Web programmers should know that they should never ever try to implement cryptography themselves.
In particular, that means that no non-security-expert should be touching any of the cryptographic primitives directly. They shouldn't be thinking at the level of AES, SHA-1, etc. Instead, they should be using high-level functions to encrypt and sign messages, and to "hash" passwords.
Why? Because otherwise, people get misled into thinking that:
- AES-256 is "great encryption", despite the fact that they're using it in ECB mode, or using non-random IV values, etc. (In some modes, non-random but unique IVs is okay. In others, not so much.)
- They can use the same symmetric key for encrypting multiple messages (or worse, store the symmetric key in the code for direct use).
- They might even decide to use a passphrase as the key directly, without using any key derivation functions.
- They can use RSA to encrypt data directly.
- They can simply "salt and MD5" their passwords to keep them safe. (If you think rainbow tables are the weakest link, think again.)
Just to be on the same page, none of the above items are okay. If you don't get that, then you shouldn't be touching crypto with a 10-foot pole! (AES-256 is great encryption, but only if you use it properly. "It's not the size that matters, it's what you do with it." :-))
What kind of high-level functions am I talking about? I personally recommend the use of an OpenPGP (for data at rest) or SSL (for data in motion) library. These protocols rigidly specify the correct use of asymmetric, symmetric, and hash algorithms. For example, with OpenPGP:
- It does not use RSA to encrypt data directly, but instead generates a random session (symmetric) key per message (this is important), and uses RSA to encrypt that session key.

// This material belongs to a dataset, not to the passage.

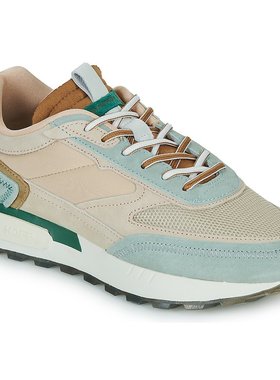 欧洲直邮Hoff 男女同款Tribe部族系列磨绒撞色时尚休闲运动鞋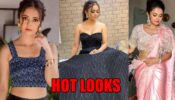 Crop Tops To Gowns & Sarees: Have A Look As Devoleena Bhattacharjee Ace Every Outfit Like A Pro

- It uses a key derivation function to transform passphrases into keys. (In OpenPGP parlance, it's called an S2K, but I think "key derivation function" is the more standard term.)
- It handles picking a good mode, so you will never end up using ECB.
- It handles key management for you, so you don't have to make ad-hoc decisions about which keys are trustworthy, etc.
Summary: if you're not a security expert, and you're thinking at the level of AES, or SHA-1, or (heaven forbid) MD5, you're doing it wrong. Use a library written by security experts (like Bouncy Castle), that implement protocols designed by security experts (like OpenPGP for encryption, or bcrypt or scrypt for password hashing), instead of rolling your own.
I'm not a crypto expert by any means, but I know enough not to try to design my own ad-hoc protocols. Just to be clear, this entire post is Cryptography 101 material. So if this post doesn't 100% make sense to you, then you definitely should not get anywhere near cryptography.